- Молодец! - сказал Обломов. - Вот только работать с восьми часов до
двенадцати, с двенадцати до пяти, да дома еще - ой, ой!
Он покачал головой.
- А что ж бы я стал делать, если б не служил? - спросил Судьбинский.
- Мало ли что! Читал бы, писал... - сказал Обломов.
- Я и теперь только и делаю, что читаю да пишу.
- Да это не то; ты бы печатал...
- Не всем же быть писателями. Вот и ты ведь не пишешь, - возразил
Судьбинский.
- Зато у меня имение на руках, - со вздохом сказал Обломов. - Я
соображаю новый план; разные улучшения ввожу. Мучаюсь, мучаюсь... А ты ведь
чужое делаешь, не свое.
- Что ж делать! Надо работать, коли деньги берешь. Летом отдохну: Фома
Фомич обещает выдумать командировку нарочно для меня... вот, тут получу
прогоны на пять лошадей, суточных рубля по три в сутки, а потом награду...

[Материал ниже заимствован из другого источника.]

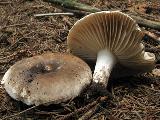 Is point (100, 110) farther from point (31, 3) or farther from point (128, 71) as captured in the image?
point (31, 3)

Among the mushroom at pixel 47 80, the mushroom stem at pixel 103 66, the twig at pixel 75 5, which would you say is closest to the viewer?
the mushroom at pixel 47 80

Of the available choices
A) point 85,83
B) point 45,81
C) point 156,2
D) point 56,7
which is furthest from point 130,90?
point 156,2

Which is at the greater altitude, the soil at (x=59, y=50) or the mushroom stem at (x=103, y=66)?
the mushroom stem at (x=103, y=66)

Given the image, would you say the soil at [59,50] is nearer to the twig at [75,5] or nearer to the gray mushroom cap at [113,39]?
the twig at [75,5]

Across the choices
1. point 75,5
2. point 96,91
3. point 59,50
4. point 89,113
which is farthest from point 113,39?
point 75,5

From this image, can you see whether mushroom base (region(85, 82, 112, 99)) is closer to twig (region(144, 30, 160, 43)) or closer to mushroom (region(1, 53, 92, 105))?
mushroom (region(1, 53, 92, 105))

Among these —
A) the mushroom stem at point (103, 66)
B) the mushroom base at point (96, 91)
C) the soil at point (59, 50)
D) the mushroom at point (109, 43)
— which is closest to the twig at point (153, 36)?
the soil at point (59, 50)

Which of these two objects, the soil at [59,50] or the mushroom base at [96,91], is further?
the mushroom base at [96,91]

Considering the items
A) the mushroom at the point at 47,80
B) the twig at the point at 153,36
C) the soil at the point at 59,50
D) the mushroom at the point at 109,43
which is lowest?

- Эк ломят! - с завистью говорил Обломов; потом вздохнул и задумался.
- Деньги нужны: осенью женюсь, - прибавил Судьбинский.
- Что ты! В самом деле? На ком? - с участием сказал Обломов.
- Не шутя, на Мурашиной. Помнишь, подле меня на даче жили? Ты пил чай
у меня и, кажется, видел ее.
- Нет, не помню! Хорошенькая? - спросил Обломов.
- Да, мила. Поедем, если хочешь, к ним обедать...
Обломов замялся.
- Да... хорошо, только...
- На той неделе, - сказал Судьбинский.
- Да, да, на той неделе, - обрадовался Обломов, - у меня еще платье не
готово. Что ж, хорошая партия?
- Да, отец действительный статский советник; десять тысяч дает,
квартира казенная. Он нам целую половину отвел, двенадцать комнат; мебель
казенная, отопление, освещение тоже: можно жить...
- Да, можно! Еще бы! Каков Судьбинский! - прибавил, не без зависти,
Обломов.
- На свадьбу, Илья Ильич, шафером приглашаю: смотри...
- Как же, непременно! - сказал Обломов. - Ну, а что Кузнецов,
Васильев, Махов?
- Кузнецов женат давно, Махов на мое место поступил, а Васильева
перевели в Польшу. Ивану Петровичу дали Владимира, Олешкин - его
превосходительство.
- Он добрый малый! - сказал Обломов.
- Добрый, добрый; он стоит.
- Очень добрый, характер мягкий, ровный, - говорил Обломов.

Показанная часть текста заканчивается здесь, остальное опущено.